- Born: October 30, 1931
- Died: July 15, 2020 (aged 88) Olmsted Falls, Ohio
- Occupation: Author; journal editor; professor;
- Period: 1988–2000
- Genre: Children's literature

= Nancy McArthur =

American author (1931–2020)

Nancy McArthur (October 30, 1931 – July 15, 2020) was an American children's author. Living in Berea, Ohio, she was a part-time journalism professor at Baldwin-Wallace College. She wrote fourteen books, nine of which form a series called The Plant That Ate Dirty Socks. The series follows the lives of two young brothers, Michael and Norman, along with their sentient pet plants, Stanley and Fluffy.

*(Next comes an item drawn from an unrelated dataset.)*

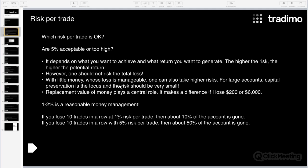One to two percent is reasonable money management. In my trading world, a risk of one percent is okay. Sometimes you find very profitable spots and then you can risk more — two percent, maybe three percent — but three percent or more should not be your default risk. Please go lower: risk only one to two percent per trade and then everything should be okay.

The first book in this series is the most popular book written by McArthur. She reworked this book into a play in 2000. She died on July 15, 2020, from Parkinson's disease.

== Works ==

- Megan Gets a Dollhouse (1988)
- Pickled Peppers (1988)
- The Plant That Ate Dirty Socks (1988)
- The Adventure of the Buried Treasure (1990)
- The Return of the Plant That Ate Dirty Socks (1990)
- The Adventure of the Backyard Sleepout (1992)
- The Escape Of The Plant That Ate Dirty Socks (1992)
- The Secret Of The Plant That Ate Dirty Socks (1993)
- More Adventures Of The Plant That Ate Dirty Socks (1994)
- The Plant That Ate Dirty Socks Goes Up In Space (1995)
- The Mystery Of The Plant That Ate Dirty Socks (1996)
- The Plant That Ate Dirty Socks Gets A Girlfriend (1997)
- The Adventure of the Big Snow (1998)
- The Plant That Ate Dirty Socks Goes Hollywood (1999)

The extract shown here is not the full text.